> **Task instructions**
Leave out every picture, and output exactly the lines from the line containing "Repose pinceaux en agate..." through the last line of the data.

[Recorded information]

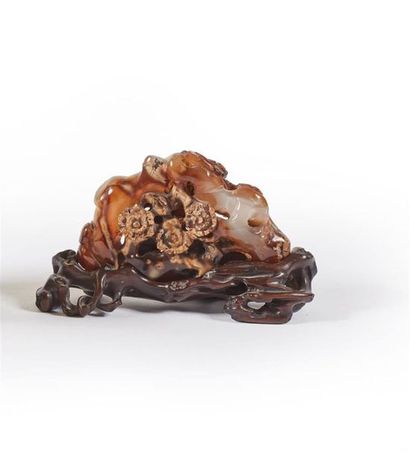 CHINE - XIXe siècle
Repose pinceaux en agate...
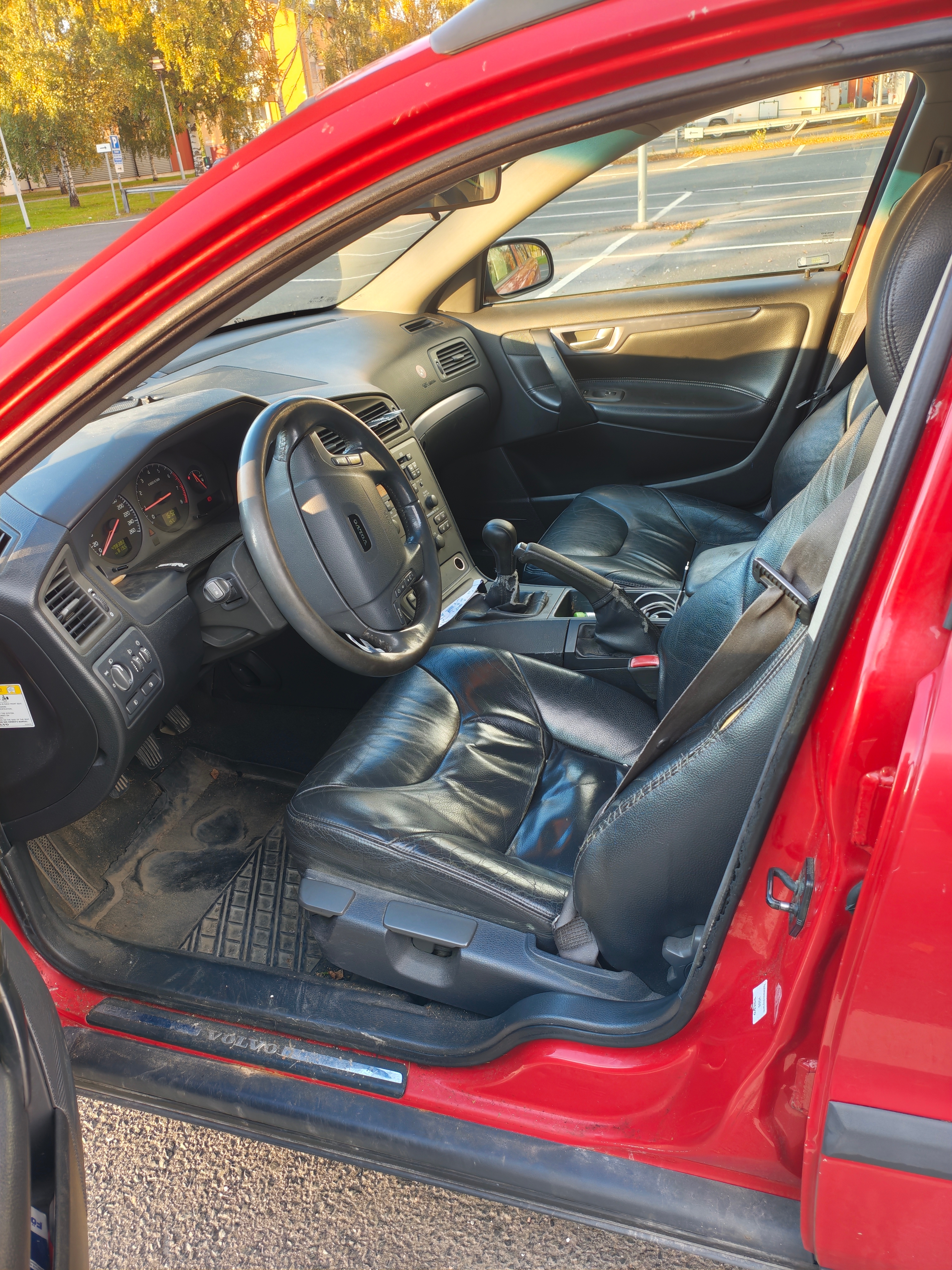 Volvo V70 2.4T Manuell 2001, bild 6/7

[/Recorded information]

> **Exercise output**
Repose pinceaux en agate...
 Volvo V70 2.4T Manuell 2001, bild 6/7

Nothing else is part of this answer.